Maybe it's because this is my next to last semester? Maybe it's because it's Spring and I just wanna go swim, or take my family to the zoo, or go mow, or go play sports, or go Turkey Hunting (this weekend!), or anything else besides this dredge.

With all that being said and complained, sometimes I need to retell myself why I'm doing something. Nothing is better than a good pep-talk for yourself. We tear ourselves down enough, might as well build ourselves up sometimes right?

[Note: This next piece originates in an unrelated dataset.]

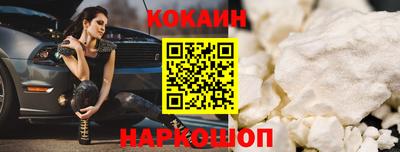 MDMA Кинель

I was talking with my FIL that other day about college, and how I feel that our generation has made college a MANDATORY goal or step in life. He owns several of his own businesses and is quite successful, all without a college degree. We both agreed that it depends on the individual and their personal goals. College has it's pros, but it can definitely have its cons. Truth be told, it's not the be all and end all that everyone has made it out to be. Not by a long shot, because some of the best teachers aren't in college. Things like experience, failure, success, etc.

I know, this seems like quite the pep talk already. I'm already struggling with college, but now I'm making it seem more unnecessary? Well, not exactly.

See, for me, college was mandatory. I wanted to be a teacher, and I wanted to learn more about the Bible and working as a Pastor. Sure, experience has taught and will teach me so much more. But, I'm so thankful I've busted my butt for this simple foundation to build off of.

I am loathing school right now. But I can see the end of the tunnel. And I now that I am here right now because I'm building the slab for the building that will be built on top of it. Not exactly flowers and rainbows, but it's something. And it's personal to me.